Braised Herb Chicken Thighs With Potatoes
Total Time: 45 mins
Preparation Time: 10 mins
Cook Time: 35 mins
Ingredients
- Servings: 4
- 2 tablespoons all-purpose flour
- 2 teaspoons paprika
- 1 teaspoon salt
- 1 teaspoon dried thyme
- 1 teaspoon dried oregano
- 1/2 teaspoon black pepper
- 8 skinless chicken thighs (about 2 pounds)
- 1 teaspoon olive oil
- 1 1/2 cups chopped carrots
- 1 large onion, cut into 8 wedges
- 1 1/2 cups reduced-sodium fat-free chicken broth
- 1/2 cup dry wine
- 1 1/2 lbs small red potatoes, quartered
Recipe
- 1 combine first 6 ingredients in a large zip-top plastic bag.
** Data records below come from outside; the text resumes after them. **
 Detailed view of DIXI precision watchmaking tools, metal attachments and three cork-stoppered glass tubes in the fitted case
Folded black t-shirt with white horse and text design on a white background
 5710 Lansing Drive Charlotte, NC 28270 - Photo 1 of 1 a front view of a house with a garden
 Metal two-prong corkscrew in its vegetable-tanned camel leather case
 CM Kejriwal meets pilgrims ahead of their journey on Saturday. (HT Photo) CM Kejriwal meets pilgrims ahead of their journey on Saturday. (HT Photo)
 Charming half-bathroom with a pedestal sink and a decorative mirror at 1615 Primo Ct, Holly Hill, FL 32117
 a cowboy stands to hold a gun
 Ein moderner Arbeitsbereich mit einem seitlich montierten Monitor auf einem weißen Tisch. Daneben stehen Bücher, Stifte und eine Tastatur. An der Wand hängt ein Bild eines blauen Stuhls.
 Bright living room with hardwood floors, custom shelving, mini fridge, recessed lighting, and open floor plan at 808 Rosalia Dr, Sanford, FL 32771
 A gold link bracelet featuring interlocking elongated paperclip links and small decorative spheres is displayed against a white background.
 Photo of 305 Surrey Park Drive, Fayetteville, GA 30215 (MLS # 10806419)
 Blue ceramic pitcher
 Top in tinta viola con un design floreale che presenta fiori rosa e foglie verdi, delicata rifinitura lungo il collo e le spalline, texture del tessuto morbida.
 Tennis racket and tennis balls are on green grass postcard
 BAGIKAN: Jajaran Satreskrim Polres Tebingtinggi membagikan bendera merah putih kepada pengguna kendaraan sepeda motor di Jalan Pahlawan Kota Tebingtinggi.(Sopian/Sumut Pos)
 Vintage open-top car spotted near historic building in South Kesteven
- 2 add chicken; seal bag, shaking to coat.
- 3 heat oil in a dutch oven over medium heat.
- 4 add chicken and remaining flour mixture to pan; cook 3 minutes on each side or until lightly brown.
- 5 add carrot and onion; cook 3 minutes, stirring frequently.
- 6 add broth, wine, and potatoes; bring to a boil.
- 7 reduce heat, and simmer 35 minutes or until chicken is done and vegetables are tender.